_Data shown_:
----
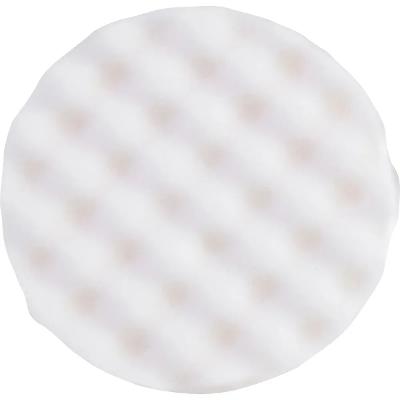 Boina De Espuma Para Refino Automotivo 198mm Worker Branca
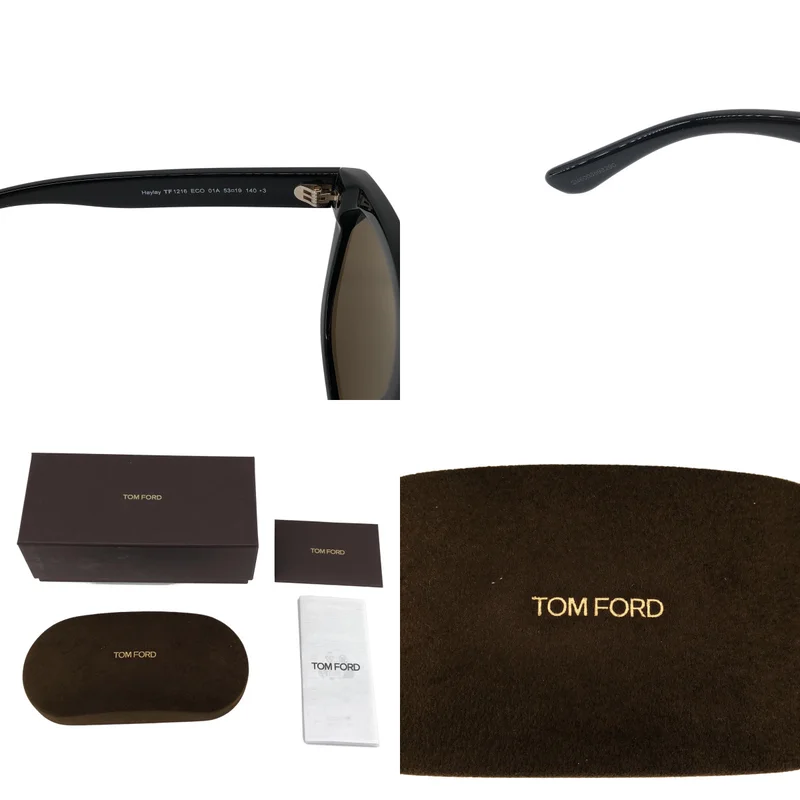 TOM FORD / トムフォード | サングラス TF1216 ECO 01A | 53◻︎19 140 | その他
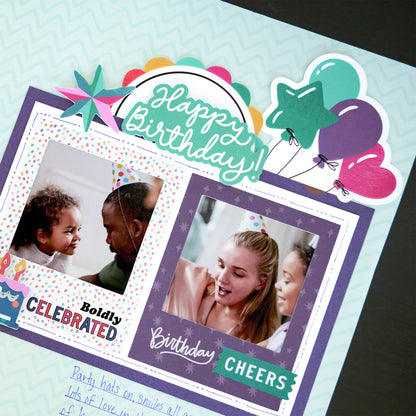 Birthday Bash UV Embellishments (40/pk)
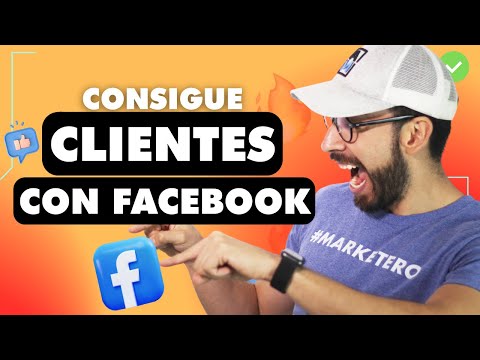 El MÉTODO para conseguir CLIENTES con Facebook  | 🔥 Entrenamiento Gratuito 🔥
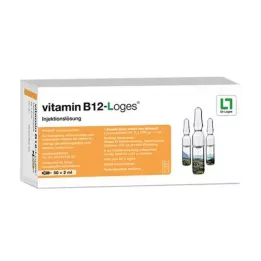 VITAMIN B12-LOGES Ενέσιμο διάλυμα σε αμπούλες, 50X2 ml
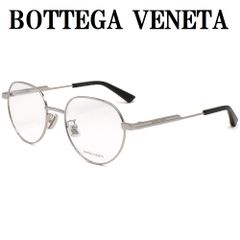 ボッテガヴェネタ BOTTEGA VENETA BV1239O 003 メガネ 眼鏡 アジアンフィット アイウェア フレーム メンズ レディース シルバー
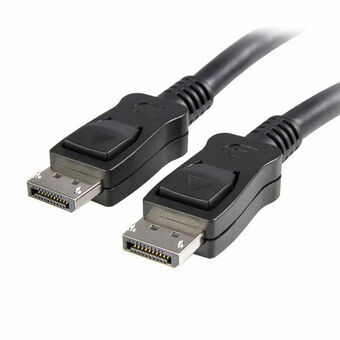 DisplayPort-kabel Startech DISPL2M              (2 m) 4K Ultra HD Sort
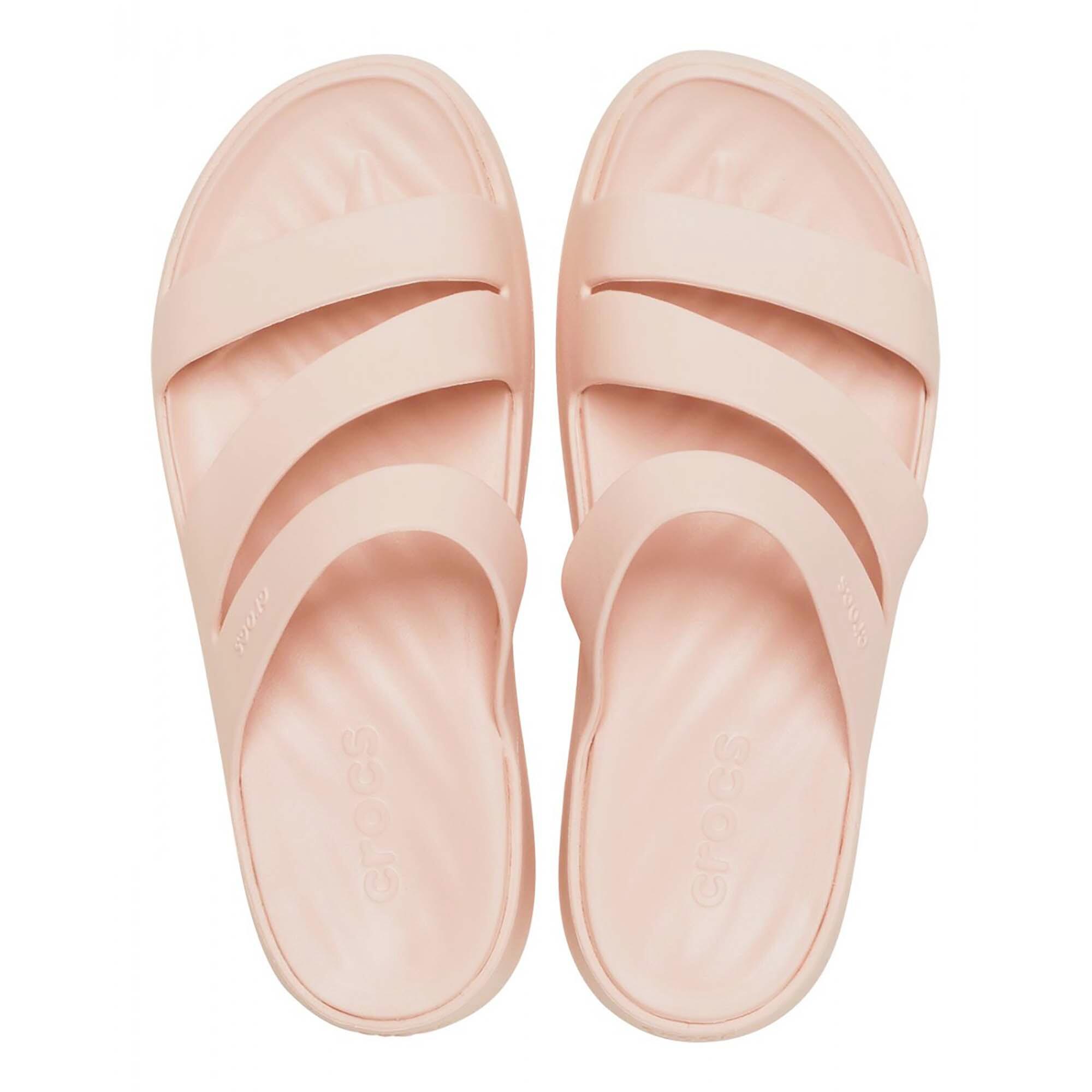 Chaussons À Brides Crocs Getaway Avec Femme 4/5
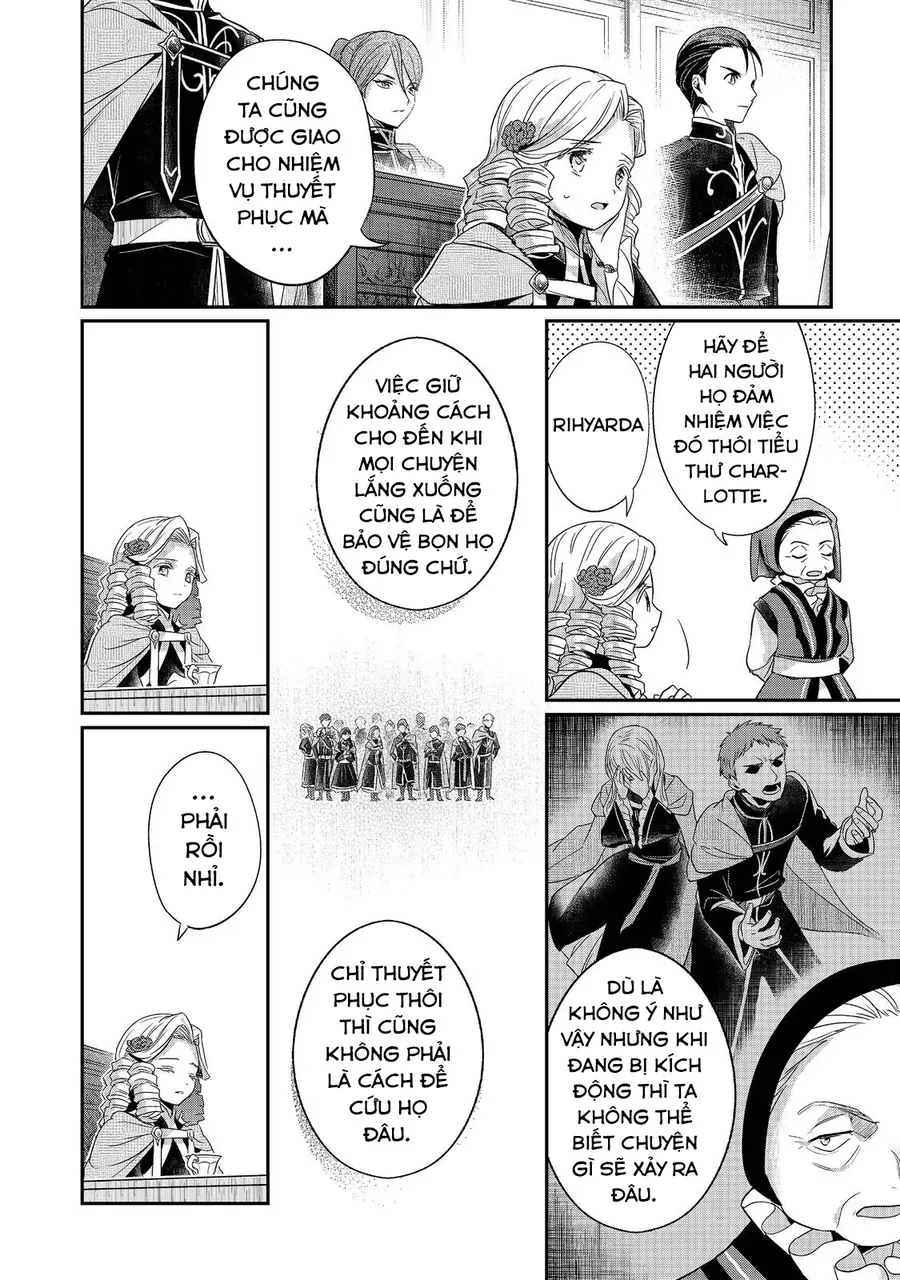 Honzuki No Gekokujou: Dai 5-Bu Todaeta Chishiki Wo Tsunageyou! Chap 1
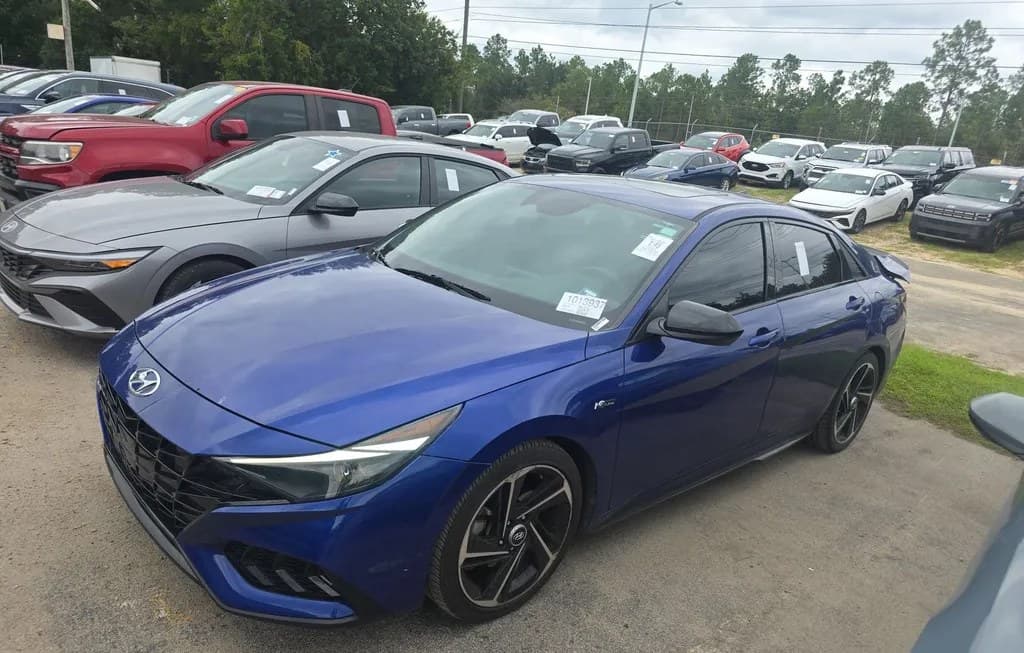 2022 HYUNDAI ELANTRA N LINE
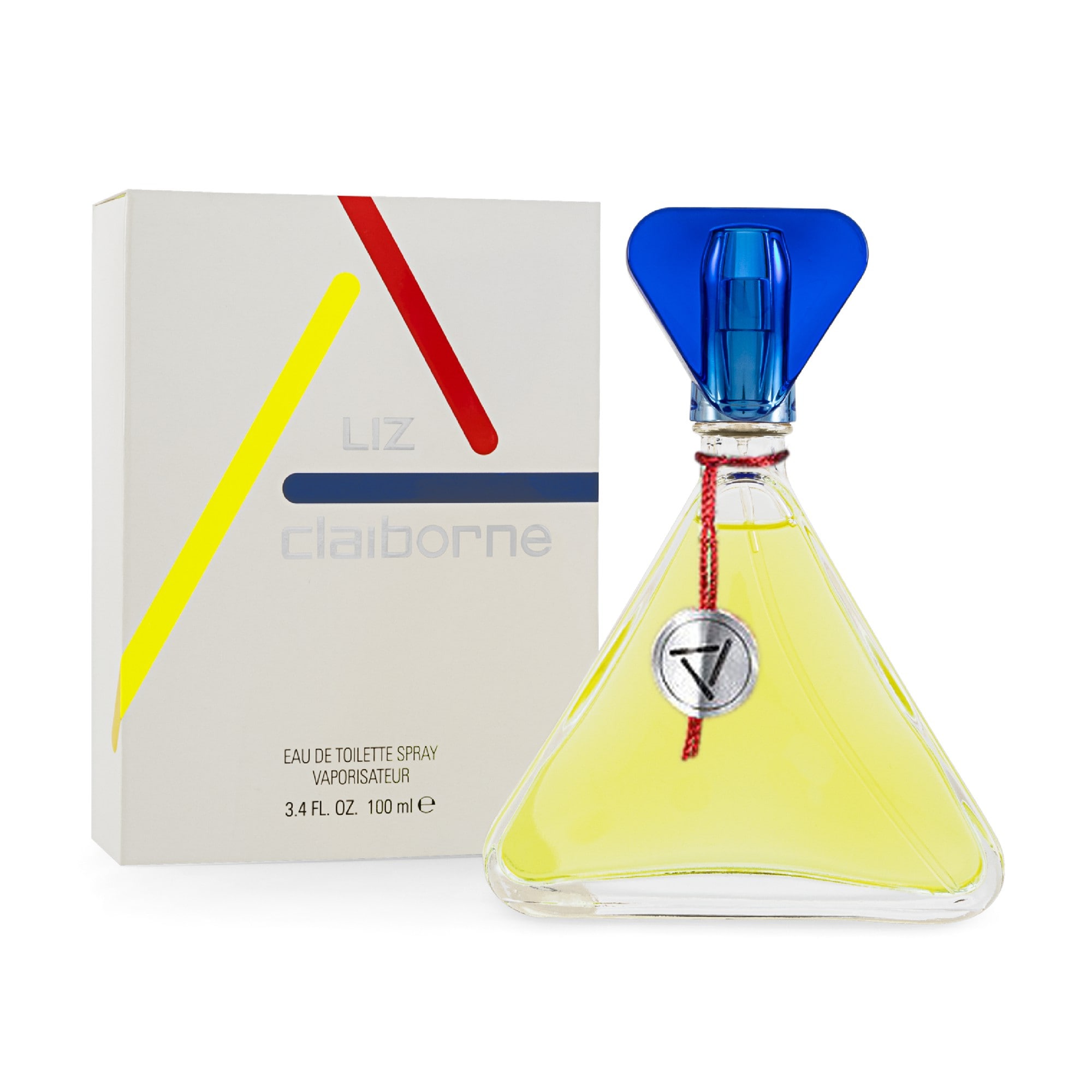 Perfume Para Dama Liz Claiborne 100 Ml Edt Spray 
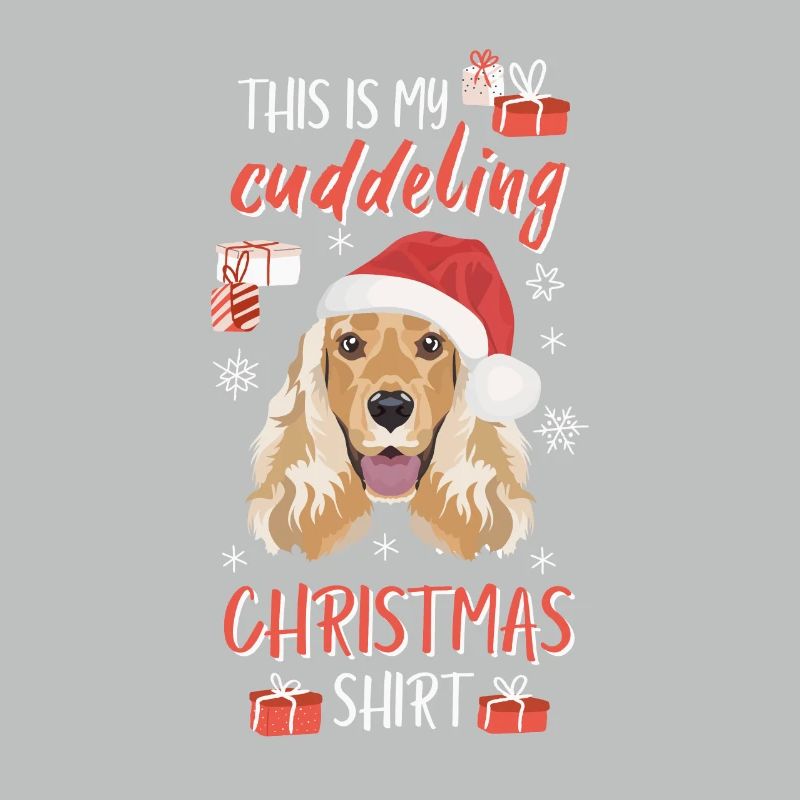 Deutsch Cocker Spaniel Christmas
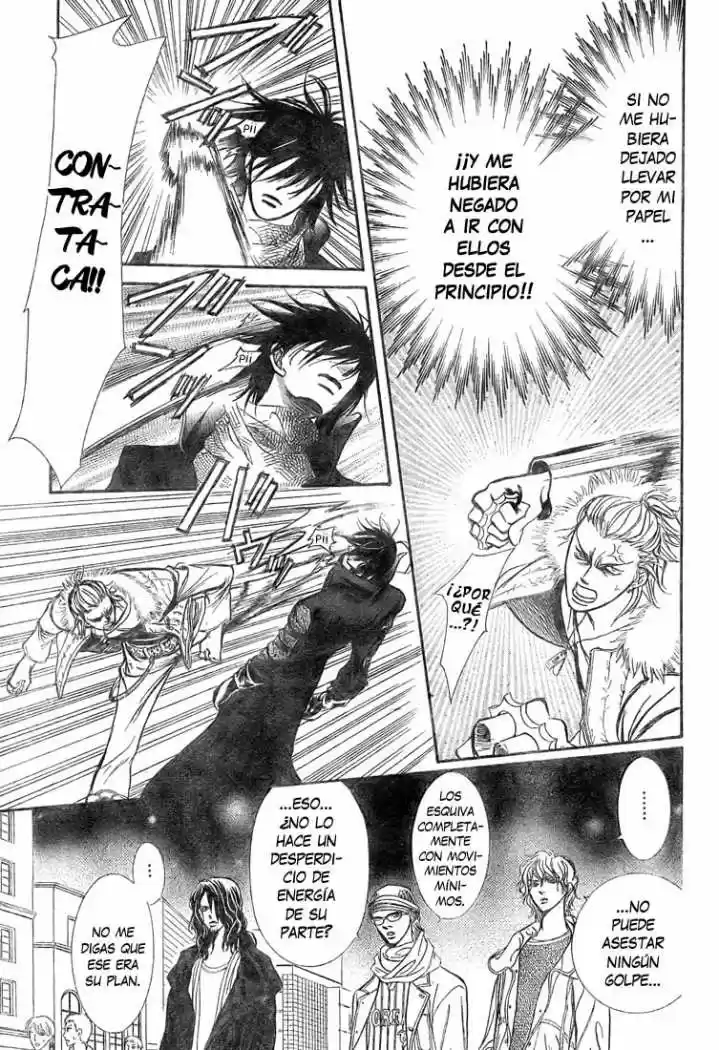 Skip Beat! capítulo 158, página 17
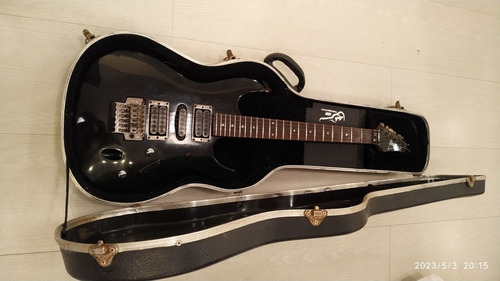 Guitarra Ibanez S470 + Case Kgb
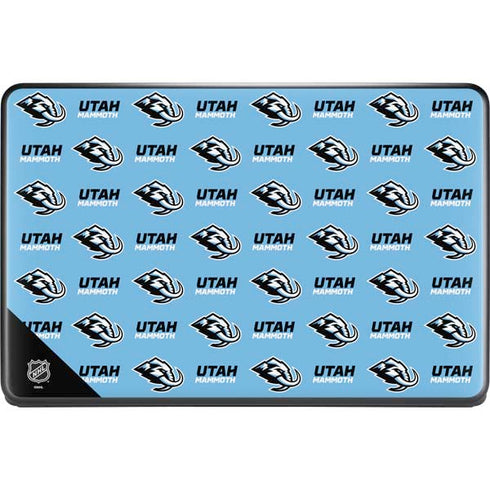 NHL Utah Mammoth Logo Pattern Google Pixelbook Go Skin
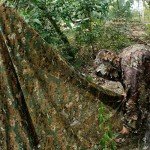 WINWAY Camo Burlap Mesh Fabric for Hunting Blinds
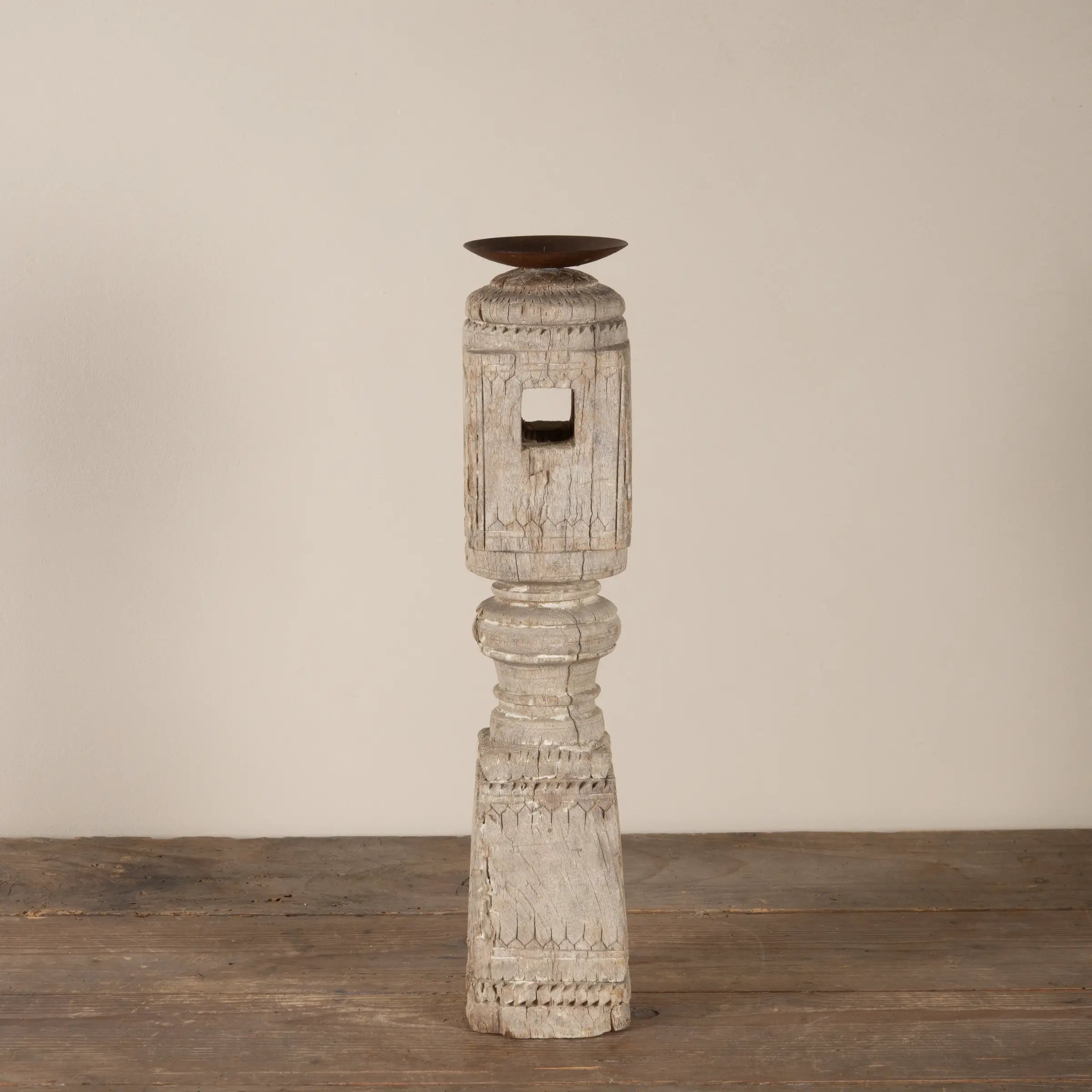 Raas - Bougeoir en bois n°2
----
_Task description_: Where the line with "Birthday Bash UV Embellishments (40/pk)" appears, begin there and transcribe exactly through the last line of the data, leaving all pictures aside.

_Answer to the exercise_:
 Birthday Bash UV Embellishments (40/pk)
 El MÉTODO para conseguir CLIENTES con Facebook  | 🔥 Entrenamiento Gratuito 🔥
 VITAMIN B12-LOGES Ενέσιμο διάλυμα σε αμπούλες, 50X2 ml
 ボッテガヴェネタ BOTTEGA VENETA BV1239O 003 メガネ 眼鏡 アジアンフィット アイウェア フレーム メンズ レディース シルバー
 DisplayPort-kabel Startech DISPL2M              (2 m) 4K Ultra HD Sort
 Chaussons À Brides Crocs Getaway Avec Femme 4/5
 Honzuki No Gekokujou: Dai 5-Bu Todaeta Chishiki Wo Tsunageyou! Chap 1
 2022 HYUNDAI ELANTRA N LINE
 Perfume Para Dama Liz Claiborne 100 Ml Edt Spray 
 Deutsch Cocker Spaniel Christmas
 Skip Beat! capítulo 158, página 17
 Guitarra Ibanez S470 + Case Kgb
 NHL Utah Mammoth Logo Pattern Google Pixelbook Go Skin
 WINWAY Camo Burlap Mesh Fabric for Hunting Blinds
 Raas - Bougeoir en bois n°2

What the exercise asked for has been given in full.